CQRS Pattern — Projection Lag and Stale Read Pitfalls
A 300ms projection lag caused duplicate payments and chargebacks.
20+ years shipping large-scale distributed systems. Everything here is grounded in real deployments.
- CQRS separates write models (commands) from read models (queries) for independent optimisation
- Commands change state using normalised stores with full business logic
- Queries read from denormalised, pre-joined views optimised for display
- Performance benefit: query latency drops ~70% because joins are eliminated at read time
- Production gotcha: eventual consistency means stale reads until projection catches up
- Biggest mistake: applying CQRS to simple CRUD — the complexity tax outweighs the gain
Imagine you have a library with one desk for checking out books (write) and separate, faster desks just for looking up books (read). The checkout desk has all the rules — you need a card, books must be returned — but the lookup desks are lean, with pre-sorted shelves so you find any book instantly.

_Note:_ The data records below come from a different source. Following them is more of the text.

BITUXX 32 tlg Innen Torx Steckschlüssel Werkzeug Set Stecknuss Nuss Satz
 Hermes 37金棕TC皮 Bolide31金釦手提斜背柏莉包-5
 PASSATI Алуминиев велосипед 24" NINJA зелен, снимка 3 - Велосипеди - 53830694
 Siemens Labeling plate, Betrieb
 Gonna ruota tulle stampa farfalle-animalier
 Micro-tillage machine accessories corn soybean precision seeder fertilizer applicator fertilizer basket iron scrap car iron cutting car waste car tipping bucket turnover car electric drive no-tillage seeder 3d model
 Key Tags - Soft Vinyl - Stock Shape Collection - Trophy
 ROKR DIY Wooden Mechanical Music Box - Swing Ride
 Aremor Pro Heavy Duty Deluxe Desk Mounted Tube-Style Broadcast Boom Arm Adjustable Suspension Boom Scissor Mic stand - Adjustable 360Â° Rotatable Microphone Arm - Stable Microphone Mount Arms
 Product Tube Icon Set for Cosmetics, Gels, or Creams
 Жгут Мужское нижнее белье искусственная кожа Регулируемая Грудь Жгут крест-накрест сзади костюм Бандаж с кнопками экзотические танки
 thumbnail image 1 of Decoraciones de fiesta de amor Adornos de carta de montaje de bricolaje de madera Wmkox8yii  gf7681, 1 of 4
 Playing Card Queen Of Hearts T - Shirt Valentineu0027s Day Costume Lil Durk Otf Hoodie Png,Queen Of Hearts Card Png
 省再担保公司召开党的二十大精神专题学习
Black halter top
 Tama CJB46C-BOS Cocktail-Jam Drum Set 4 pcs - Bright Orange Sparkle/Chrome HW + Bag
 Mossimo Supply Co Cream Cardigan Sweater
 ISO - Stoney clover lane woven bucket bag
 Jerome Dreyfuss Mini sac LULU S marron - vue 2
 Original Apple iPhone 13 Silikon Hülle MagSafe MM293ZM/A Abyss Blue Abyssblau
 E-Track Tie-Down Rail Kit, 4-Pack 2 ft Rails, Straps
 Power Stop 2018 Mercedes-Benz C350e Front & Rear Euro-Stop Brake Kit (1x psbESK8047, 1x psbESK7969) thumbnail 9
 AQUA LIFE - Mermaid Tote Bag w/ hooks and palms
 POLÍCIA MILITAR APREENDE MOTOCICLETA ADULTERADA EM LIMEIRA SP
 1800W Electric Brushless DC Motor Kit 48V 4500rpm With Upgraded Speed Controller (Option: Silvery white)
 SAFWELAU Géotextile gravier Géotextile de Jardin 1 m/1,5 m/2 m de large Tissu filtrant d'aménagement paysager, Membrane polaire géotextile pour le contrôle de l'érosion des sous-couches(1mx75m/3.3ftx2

CQRS is like having these two different desks instead of one that tries to do both.
A 300ms projection lag between your write and read models can cause duplicate payments, chargebacks, and angry customers. CQRS trades strong consistency for performance, but most teams underestimate the engineering required to make that trade-off safe. This article covers how to bound eventual consistency, build idempotent commands, and avoid serving stale data when it actually matters.
CQRS: Separating Read and Write Models to Tame Complex Domains
Command Query Responsibility Segregation (CQRS) splits a system's data model into two distinct paths: commands (writes) and queries (reads). Instead of one monolithic model that both updates and retrieves data, CQRS uses separate models—often backed by different stores or schemas—optimized for their respective operations. This is not about physical separation of databases; it's a logical pattern that decouples the write-side invariants from the read-side projection logic.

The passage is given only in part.